Matching chromosome predictions for SNPs by predicted marker bin in the mapping population and LD-based prediction in a diversity panel (only including SNPs predicted by both methods)

Chromosome 1 A	No filtering	Mapping population prediction: marker bin r² > 0.5	Diversity panel prediction: ratio SSLD > 0.8	Combination of mapping population and diversity panel prediction
Total Predicted SNPs	122510 (100%)	117736 (100%)	114420 (100%)	110459 (100%)
Total mismatching predicted SNPs	2896 (2.4%)	2147 (1.8%)	1262 (1.1%)	850 (0.8%)
Total matching predicted SNPs	119609 (97.6%)	115589 (98.2%)	113158 (98.9%)	109609 (99.2%)
SNPs predicted on 1A (match)	112433 (91.8%)	110781 (94.1%)	107115 (93.6%)	105531 (95.5%)
SNPs predicted on same homoeologous chromosome (match)	5338 (4.4%)	3976 (3.4%)	4515 (3.9%)	3397 (3.1%)
SNPs predicted on same nonhomoeologous chromosome (match)	1838 (1.5%)	832 (0.7%)	1528 (1.3%)	681 (0.6%)
Not Predicted (in both)*	4371	6170	6380	8987
Not Predicted (in one of the two)*	22389	25364	28470	29824

Open in a new tab

* The last two rows include the number of SNPs that were not predicted in both the mapping population and the diversity panel (Not Predicted (in both)) or not predicted in one of the two: the mapping population or the diversity panel (Not Predicted (in one of the two))

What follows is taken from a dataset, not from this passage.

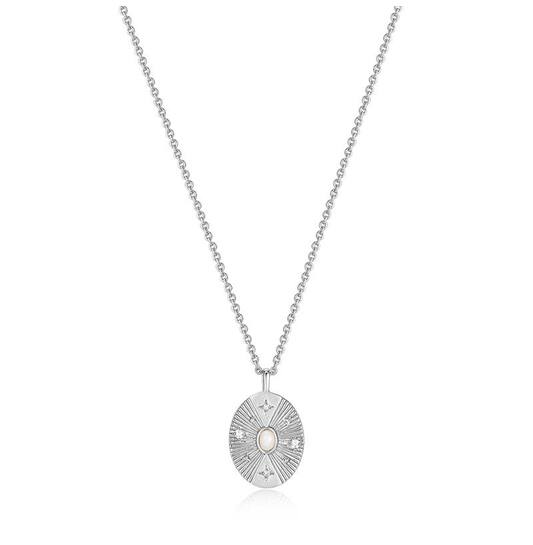  Rising Star - Link necklaces - Silver / Rhodium plated - Zirconia - 50cm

Some SNPs could only be predicted in one of the two populations (Not Predicted (in both)). This number of SNPs increased with 7435 SNPs when the corresponding quality filtering method was used for each of the two populations (mapping population: marker bin r² > 0.5 & diversity panel: ratio SSLD > 0.8).

Erroneous SNPs identification: average allele balance after LD-based filtering

To investigate the agreement between LD-based and Average Allele Balance (AAB) based filtering, the Average Allele Balance was computed for 9.0 M SNPs (MAF > 0.05) in the diversity panel (Fig. 4A). The LD-based filtering method did not only filter out many SNPs that have a skewed AAB (> 0.65 or < 0.35) but also SNPs closer to an average allele balance of 0.5, resulting in 6.6 M SNPs that were predicted to be of type 1 (correct).

Fig. 4 — (A) Histogram of the Average Allele Balance (AAB) of all SNPs (with MAF > 0.05) from the diversity panel (n = 136) (orange) and of the SNPs that remained after the LD-based filtering (blue) was applied. (B) Linkage Disequilibrium Decay in the diversity panel for 8 SNPs originally discovered on chr_1A. The top row (SNP1, SNP2, SNP3 and SNP4) were predicted on chr_1A by the LD-based method (ratio of total SSLD > 0.8) and also by r² analysis in the mapping population (r² > 0.5). Bottom row (SNP5, SNP6, SNP7, SNP8) were predicted on a different chromosome than chr_1A by LD-based filtering in the diversity panel and also in the mapping population analysis. (C) Switch Error Rate (SER) per chromosome, computed on 23 duos/trios. Four different filtering methods were used prior to phasing: Standard, AAB, LD, and AAB + LD

Validation by phasing switch error rate

To validate the efficiency of filtering out erroneous SNPs of all four filtering methods, the SNPs were phased and SER was computed by using 22 duos and trios for each chromosome (Fig. 4C). Each filtering method improved the SER for all chromosomes compared to the Standard (no filtering), starting at an average SER of 0.066 for the Standard, improving to 0.047 for AAB, 0.040 for LD, and 0.037 if both filtering methods were used (AAB + LD). The switch error rate varied per subgenome and showed the same pattern regardless of the filtering method. For instance, chromosome 7B had the highest SER in all filtering methods. Chromosomes 5B and 6 C were the chromosomes with the lowest SER in all methods.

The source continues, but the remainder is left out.